Gathering your family stories is a different kind of research. They are rarely found in books, in libraries, or online. Genealogical records can only hint at the rich truths in the lives our ancestors have lived. This is just another reason why we, who live now, are so fortunate. Even though much may never be known, we can leave a far more detailed record of what we do know for our descendants.
Stories are always the greatest challenge to acquire, as are all rare and valuable treasures. This is because they are stored in human memory, and communicated in the context of a relationship. Memories, and relationships, can be faulty and limited. Moreover, many family historians use a hit-or-miss approach to gathering these stories. If they do not feel confident, they are less likely to preserve and publish the stories they do know.
I often hear miraculous tales about people who chanced on a fantastic family story, entirely by coincidence. What joy they feel as they retell that odd tale! Already, though, there is a chance of details slipping away, lost between successive tellers. All the more reason to preserve and publish family stories, while they are available and fresh.
The obvious, common obstacles are time, distance, and simply knowing what to do. (I’ll save dealing with recalcitrant relatives for a whole other article.) Assuming you are willing to give some time to your family history, prioritize your story gathering with my favorite adage “living things first”. Facts already preserved in a book may wait, but 85-year old Aunt Ida may not be around that much longer. Make a list of all the living people who are repositories of family knowledge, and go after them!
But the distance is the problem, you say? No worries. Telephone conversations can be recorded. There is even video chat, if your interview would go better face-to-face, and you can often find some young person on the far end to facilitate the technology. Recording truly is the way to go. It simply is too much to ask someone else to write on your behalf. It never seems to get done, and you can alienate your subject when you ask for the impossible.

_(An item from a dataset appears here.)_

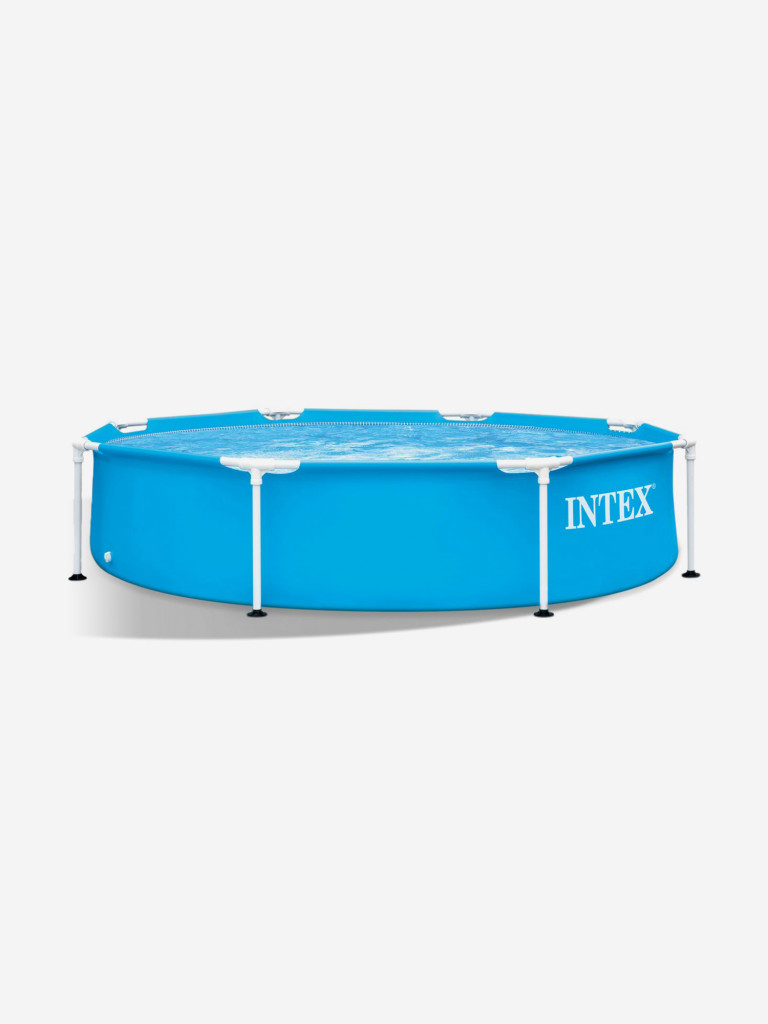 Бассейн каркасный Intex Metal Frame, 244х51 см, голубой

Instead, make a list of what you want most from each individual, and charm their stories from them. How? If you can, visit in person and bring a small, thoughtful gift related to your family history. Come prepared to ask just a few questions (and hope to come back later with more.) Start with facts that aren’t threatening, just reestablishing the public record. Ask your subject what he or she thinks is important to be preserved, before sharing what you think is important. You may elicit more treasures simply by listening without revealing a detailed agenda. Don’t stand in the way of the stories by interacting too much, or you will wind up with a recording of yourself. Encourage monologues, and nod a lot.
Let’s assume you visit a number of relatives, and you’ve recorded all those sessions. What now? You must separate the wheat from the chaff. I use an excellent audio editing program you can download free, Audacity. Keep the originals, and listen to a copy, erasing the chitchat and preserving the history. Then it’s just a matter of sending your audio to a transcriptionist, and voilà! You have not-so-instant written family stories for your book. It really is easier than you think.